Hey Derek, thanks for this great Video lecture! I just have a couple of questions: 1. What is the R Matrix in 23:10? Is it a variance-covariance Matrix? 2. Why does the Ridge model lose to OLS beyond the dashed line in 31:41? 3. When you compare the three models in the end by their MSEs, are these MSEs in sample or out of sample? Thank you very much!
This is a fantastic lecture video. One question. In the final comparison, the MSE for Lasso is higher by only 0.0124 but in return, we are getting rid of 2 variables. Don't you think it is worth the trade-off? Derek or anyone who is good in this, please answer. Thanks.
Thank you. This is very valuable. I have one question about the Elastic net and hope you can help. Since Elastic net will include group of correlated variables, my question is if I apply elastic net, can I still interpret the coefficients on the effect to the prediction? I remembered that when multicollinearity is in presence , the coefficients will become the opposite sign. So i am concerned that I will not be able to interpret my coefficients. (in the end I want to be able to say, these set of variables can have positive impact on the predicted value while the other set of variables will have 0 or negative impact.) thank you!
demudu naganaidu I'm glad that you found some value in this demudu. Ridge regression is kind of tricky and I find that it takes a little bit of work to get comfortable with it.

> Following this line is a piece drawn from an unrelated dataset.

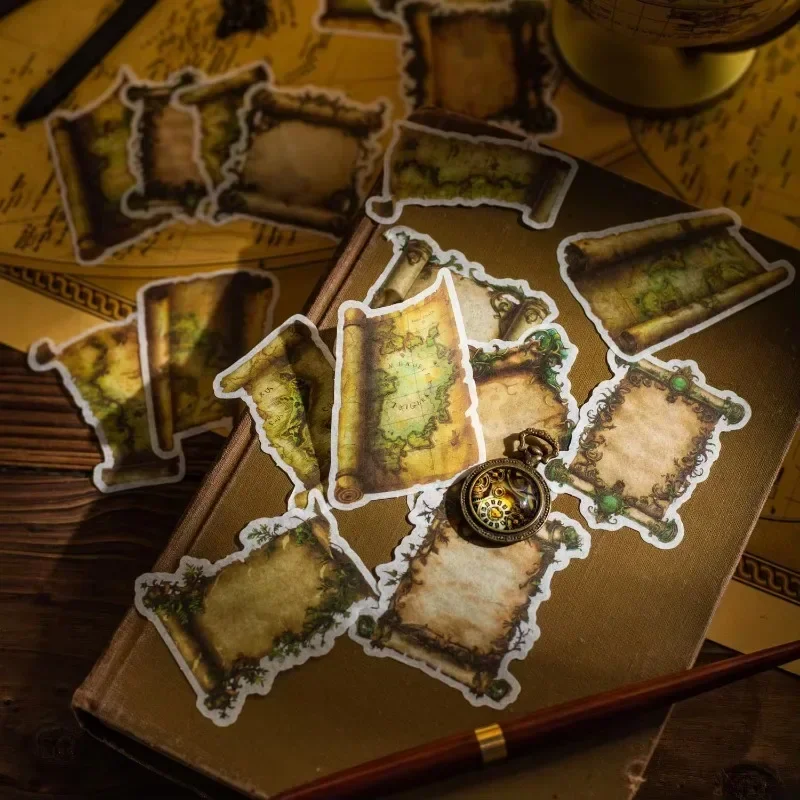 

20 шт., украшение, посылка для скрапбукинга, наклейки для письма, книга из овчины, ретро-прокрутка, материал ручной работы, справочник 115*90 мм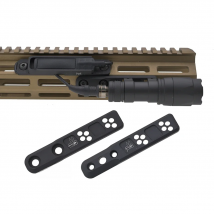 Mlok Keymod Picatinny Offset Side Inline light Mount for M-lok Rail SF M300 M600 Series Flashlight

Good luck.
It’s really a nice tutorial on different regression techniques. I want to use LASSO/ELASTIC NET in my Ph.D. research problem (Problem: Correction of Satellite based Rainfall by using several independent variable such as location, topographical variables) May I have your personal email to discuss the problem with you?
It's to correct skewness, also it's a common practice in linear models because transforming features make residuals more normally distributed. (Lo ok up feature transformation in linear models and boxcox transform for further information).